Produtora de acerola mudou formato das embalagens para ocupar melhor os caminhões

Renée Pereira, O Estado de S.Paulo

01 Fevereiro 2016 | 03h00

A alta dos combustíveis no ano passado exigiu uma ação rápida da americana Amway para não comprometer a competitividade de seus produtos. A empresa é dona de uma fazenda na cidade de Ubajara, no interior do Piauí, que produz acerola. Cerca de 90% da colheita da fruta, transformada em pó, é exportada e usada como matéria-prima para a fabricação de Vitamina C e suplementos alimentares.
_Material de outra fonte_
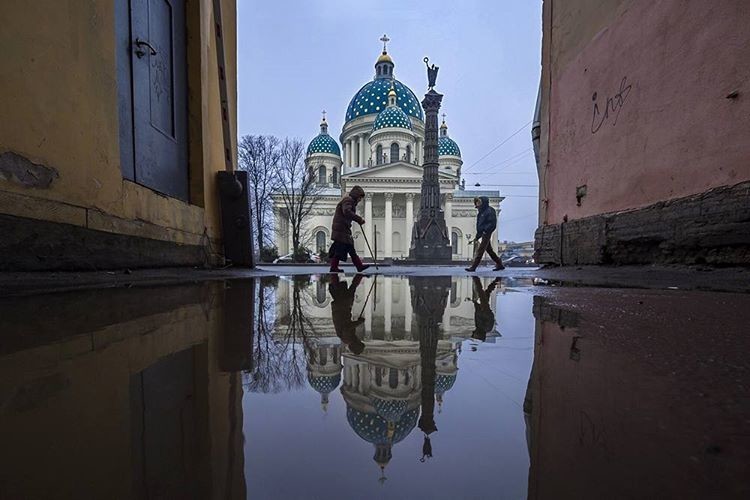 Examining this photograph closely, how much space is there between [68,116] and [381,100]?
145 feet

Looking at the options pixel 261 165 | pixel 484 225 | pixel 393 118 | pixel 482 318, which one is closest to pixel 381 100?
pixel 393 118

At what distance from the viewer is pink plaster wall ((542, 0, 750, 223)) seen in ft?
11.3

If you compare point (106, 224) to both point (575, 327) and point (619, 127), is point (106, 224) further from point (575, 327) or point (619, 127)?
point (619, 127)

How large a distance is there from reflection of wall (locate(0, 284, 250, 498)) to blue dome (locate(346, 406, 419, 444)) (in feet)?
0.65

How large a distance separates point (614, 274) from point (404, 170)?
3744 cm

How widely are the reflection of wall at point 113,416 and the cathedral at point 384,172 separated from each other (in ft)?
125

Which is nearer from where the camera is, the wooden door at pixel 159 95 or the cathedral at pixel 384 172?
the wooden door at pixel 159 95

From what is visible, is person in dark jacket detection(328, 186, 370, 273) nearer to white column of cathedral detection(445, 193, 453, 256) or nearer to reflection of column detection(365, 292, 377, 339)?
reflection of column detection(365, 292, 377, 339)

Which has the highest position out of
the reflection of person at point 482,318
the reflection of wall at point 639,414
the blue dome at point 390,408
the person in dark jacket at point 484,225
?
the person in dark jacket at point 484,225

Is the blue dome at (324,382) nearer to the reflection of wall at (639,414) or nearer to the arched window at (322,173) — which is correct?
the reflection of wall at (639,414)

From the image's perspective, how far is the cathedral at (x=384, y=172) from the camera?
41281 millimetres

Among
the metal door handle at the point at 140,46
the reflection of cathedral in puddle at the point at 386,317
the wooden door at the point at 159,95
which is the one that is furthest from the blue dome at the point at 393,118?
the reflection of cathedral in puddle at the point at 386,317

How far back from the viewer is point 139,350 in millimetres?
1101

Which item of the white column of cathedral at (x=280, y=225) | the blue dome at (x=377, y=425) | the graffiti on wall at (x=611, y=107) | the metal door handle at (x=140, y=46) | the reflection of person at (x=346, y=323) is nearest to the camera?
the blue dome at (x=377, y=425) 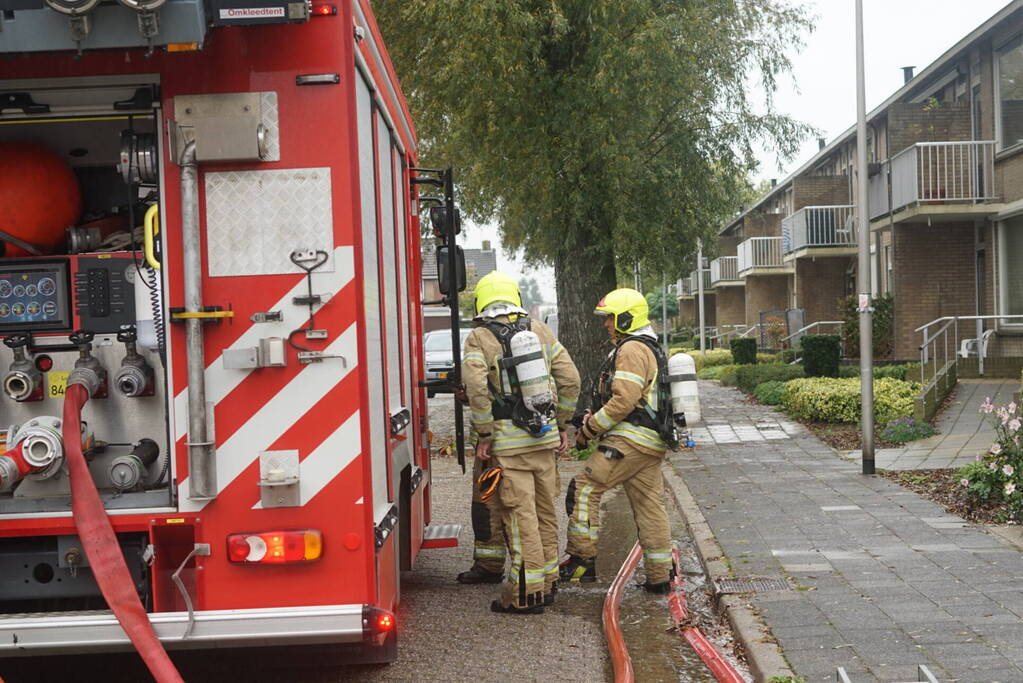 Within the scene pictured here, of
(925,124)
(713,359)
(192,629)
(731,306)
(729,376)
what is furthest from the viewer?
(731,306)

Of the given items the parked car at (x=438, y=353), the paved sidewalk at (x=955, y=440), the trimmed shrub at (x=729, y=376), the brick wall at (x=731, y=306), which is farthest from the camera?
the brick wall at (x=731, y=306)

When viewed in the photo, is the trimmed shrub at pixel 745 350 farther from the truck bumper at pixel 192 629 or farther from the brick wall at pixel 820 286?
the truck bumper at pixel 192 629

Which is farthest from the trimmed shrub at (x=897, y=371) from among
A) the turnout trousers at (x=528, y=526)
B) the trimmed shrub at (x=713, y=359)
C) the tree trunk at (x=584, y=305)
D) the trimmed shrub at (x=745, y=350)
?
the turnout trousers at (x=528, y=526)

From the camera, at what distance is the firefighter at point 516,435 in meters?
6.73

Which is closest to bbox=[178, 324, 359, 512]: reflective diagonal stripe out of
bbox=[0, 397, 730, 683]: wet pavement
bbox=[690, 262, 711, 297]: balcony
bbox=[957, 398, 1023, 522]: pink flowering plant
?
bbox=[0, 397, 730, 683]: wet pavement

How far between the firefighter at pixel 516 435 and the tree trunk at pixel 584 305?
954 cm

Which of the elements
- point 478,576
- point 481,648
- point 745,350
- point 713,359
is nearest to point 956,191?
point 745,350

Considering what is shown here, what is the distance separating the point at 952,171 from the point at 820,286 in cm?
1257

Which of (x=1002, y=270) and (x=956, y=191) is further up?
(x=956, y=191)

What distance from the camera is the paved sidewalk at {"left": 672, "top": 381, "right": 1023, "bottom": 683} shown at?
541cm

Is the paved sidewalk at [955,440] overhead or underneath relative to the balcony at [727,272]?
underneath

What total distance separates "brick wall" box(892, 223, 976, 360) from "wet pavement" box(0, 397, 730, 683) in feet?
54.2

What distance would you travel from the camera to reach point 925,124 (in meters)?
23.2

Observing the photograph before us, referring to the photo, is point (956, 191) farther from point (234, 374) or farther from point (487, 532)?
point (234, 374) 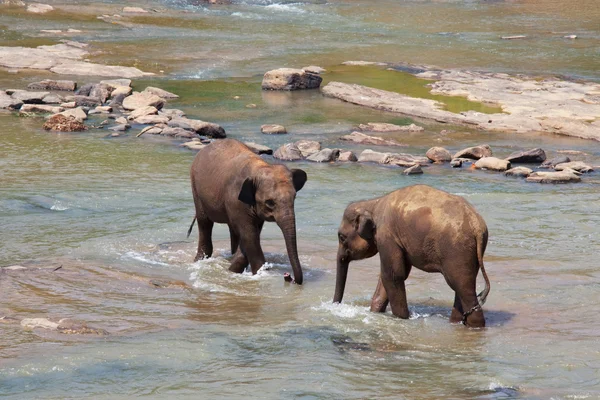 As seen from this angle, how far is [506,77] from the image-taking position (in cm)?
3162

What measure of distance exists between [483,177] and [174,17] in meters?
28.7

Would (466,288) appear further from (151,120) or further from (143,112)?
(143,112)

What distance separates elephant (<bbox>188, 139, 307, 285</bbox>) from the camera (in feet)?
41.1

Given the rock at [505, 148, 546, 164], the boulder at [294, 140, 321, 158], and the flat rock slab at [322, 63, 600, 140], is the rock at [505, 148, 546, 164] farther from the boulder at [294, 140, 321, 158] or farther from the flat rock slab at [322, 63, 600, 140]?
the boulder at [294, 140, 321, 158]

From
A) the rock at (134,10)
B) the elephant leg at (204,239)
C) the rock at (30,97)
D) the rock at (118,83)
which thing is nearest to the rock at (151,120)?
the rock at (30,97)

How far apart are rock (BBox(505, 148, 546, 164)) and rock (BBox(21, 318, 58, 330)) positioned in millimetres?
13449

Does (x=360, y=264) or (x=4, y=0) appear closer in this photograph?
(x=360, y=264)

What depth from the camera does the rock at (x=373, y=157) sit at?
21.5 m

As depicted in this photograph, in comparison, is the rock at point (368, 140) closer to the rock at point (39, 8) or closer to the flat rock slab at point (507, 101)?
the flat rock slab at point (507, 101)

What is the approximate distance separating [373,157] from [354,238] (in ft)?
34.6

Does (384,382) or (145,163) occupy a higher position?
(384,382)

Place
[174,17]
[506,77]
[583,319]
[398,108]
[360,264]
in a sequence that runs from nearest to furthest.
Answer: [583,319], [360,264], [398,108], [506,77], [174,17]

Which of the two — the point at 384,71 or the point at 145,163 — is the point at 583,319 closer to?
the point at 145,163

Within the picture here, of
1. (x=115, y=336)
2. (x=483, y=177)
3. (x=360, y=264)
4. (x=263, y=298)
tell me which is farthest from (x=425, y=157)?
(x=115, y=336) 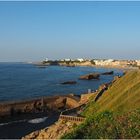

A logística tem um peso importante nos custos da companhia, afirma o gerente geral da Fazenda Nutrilite, João Leone. Ele explica que há duas frentes de logísticas na operação. Uma refere-se às compras da companhia, seja de matéria-prima (acerola de outros produtores) ou de insumos agrícolas. Na outra ponta, estão todas as vendas do produto. “Nos dois casos dependemos muito do transporte rodoviário.”

Segundo ele, 100% das exportações saem do Brasil via Porto de Pecém, no Ceará. Da fazenda até o navio, o produto percorre cerca de 500 quilômetros de caminhão pelas rodovias da região. “Com o aumento dos combustíveis – que no Nordeste custam cerca de 35% mais que em São Paulo – e as condições ruins das estradas, o custo logístico da empresa subiu 8,9% no ano passado”, diz ele.

Mudança na embalagem. Para conter o avanço dos gastos, eles decidiram implementar uma ideia simples, mas que dependia da compreensão dos importadores: a mudança das embalagens.

De acordo com o padrão internacional, a exportação dos produtores tinha de ser feita em tambores. Mas, por causa do formato dos tambores, os contêineres não seguiam viagem totalmente cheios. Agora os produtos começam a ser transportados em caixas. Leone afirma que o objetivo é reduzir em 40% o número de caminhões e em 30% o custo logístico. “Essa é a nossa meta inicial. Vamos aguardar para ver os primeiros resultados.”